February 28, 2024 at 12:42 pm

Californian Scientists Are Dyeing The Ocean Pink To Understand More About How Seawater And Freshwater Interact

by Trisha Leigh

Source: Shutterstock

We all know by now that the ocean is a mess, thanks to humans. Between melting ice caps, diminishing food sources, high mercury content in fish, the loss of coral reefs, and the giant trash heap floating out there like an island, it’s a lot.

Scientists everywhere are working to solve one problem or another, and hoping that eventually, they’ll be able to make a difference.

But why and how is dying the Pacific Ocean pink is helping?

Scientists at UC San Diego’s Scripps Institution of Oceanography and at the University of Washington say they’ve done it to study how freshwater outflows are mixing with the ocean surfzone.

Source: YouTube

The experiment is called Plumes in Nearshore Conditions, or PiNC.

Coastal oceanographer Sarah Giddings is leading the PiNC study.

“I’m excited because this research hasn’t been done before and it’s a really unique experiment.”

The team wants to investigate how freshwater, which is more buoyant and warmer than saltwater, interacts with the waves around Los Peñasquitos Lagoon in Torrey Pines State Beach and National Reserve.

They’re coloring the freshwater with environmentally safe dye so that they can track its progression.

They’re also using drones, sensors, and even a jetski fitted with a fluorometer that can measure light emitted from the dye.

Source: YouTube

There are sensors further out set to monitor salinity, temperature, the height of the waves, and ocean currents.

The researchers plan to release more dye in order to learn how sediment, pollutants, and larvae travel into the ocean through freshwater outflows.
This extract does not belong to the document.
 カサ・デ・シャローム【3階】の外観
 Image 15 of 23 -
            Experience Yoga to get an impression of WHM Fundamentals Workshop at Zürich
“We’re bringing together a lot of different people with different expertise, such that I think it’s going to have some really great results and impacts. We will combine results from this experiment with an older field study and computer models that will allow us to make progress on understanding how these plumes spread.”

Check out the video!

If you’re a scientists, you probably think this is all very interesting.

For the rest of us, well…I think it would be very cool to visit a pink sea.